§ **Task**: Once you reach the line with "1028x711 How To" below, copy each line exactly, stopping after the line with "Poussette pour animaux", and skip any pictures.

§ **Given entries**:
....
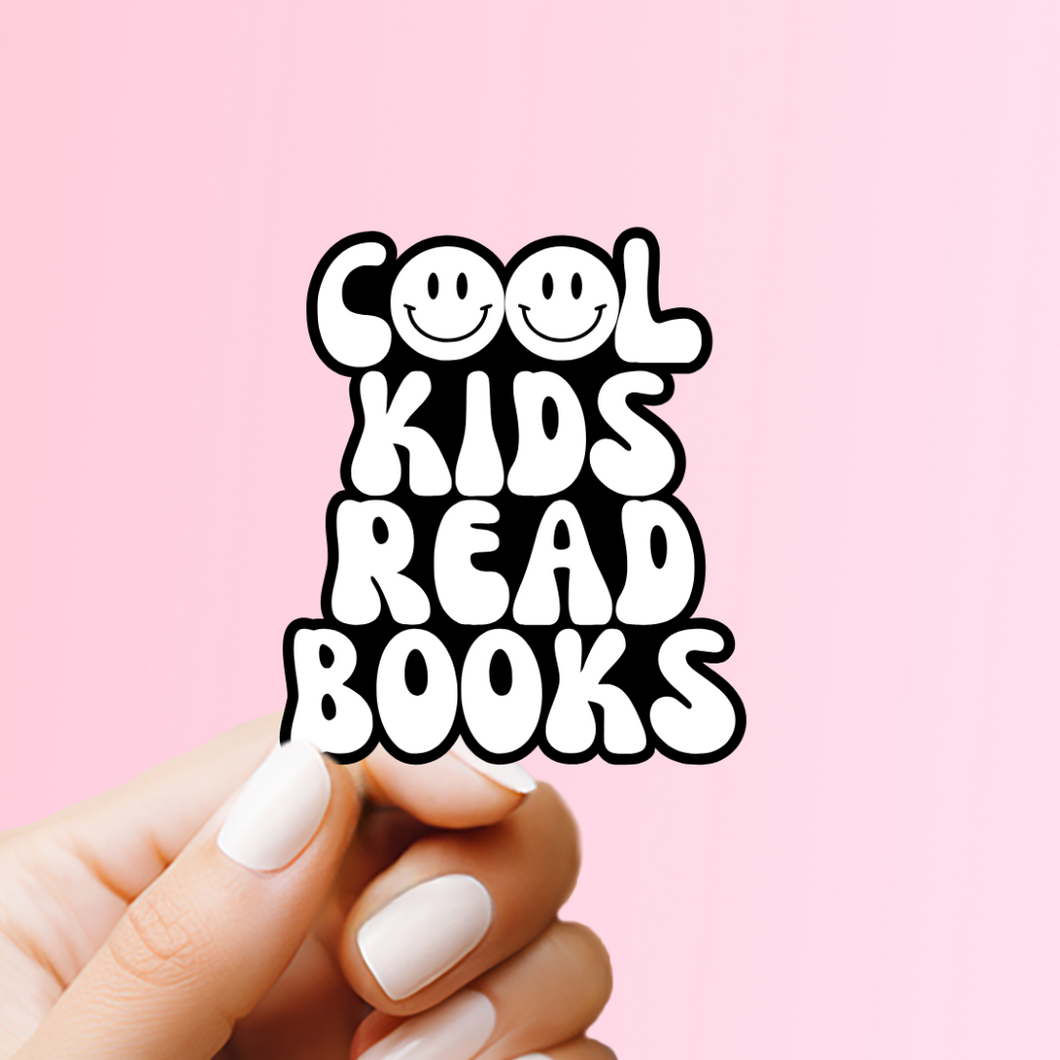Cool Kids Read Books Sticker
....
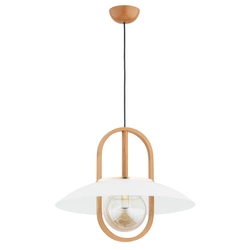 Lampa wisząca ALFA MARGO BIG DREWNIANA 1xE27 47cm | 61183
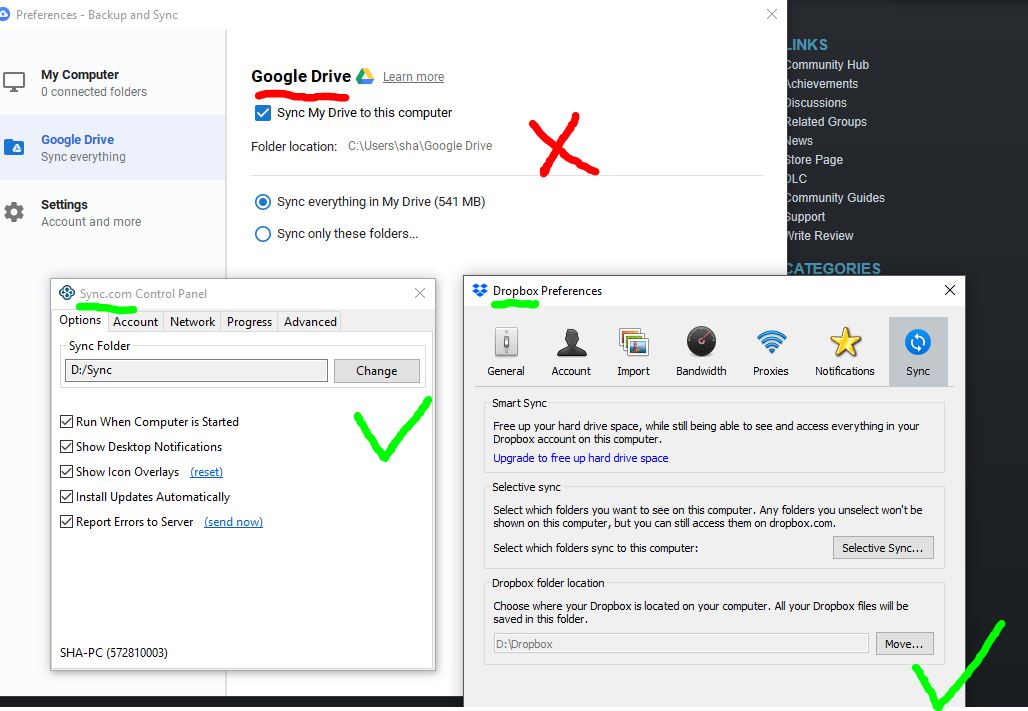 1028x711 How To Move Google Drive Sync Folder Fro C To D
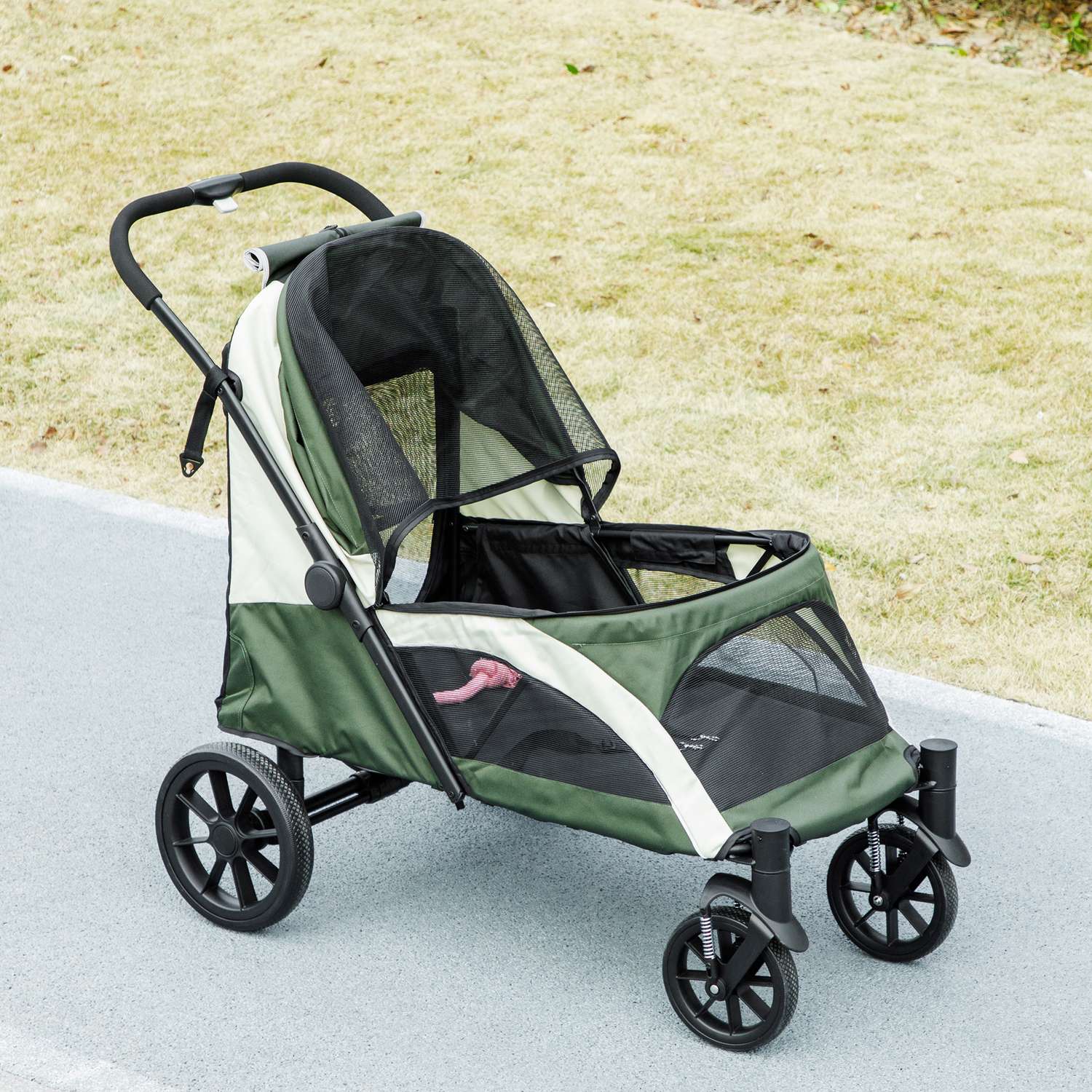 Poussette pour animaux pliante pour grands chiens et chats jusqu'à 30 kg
....
§ **Exercise response**:
 1028x711 How To Move Google Drive Sync Folder Fro C To D
 Poussette pour animaux pliante pour grands chiens et chats jusqu'à 30 kg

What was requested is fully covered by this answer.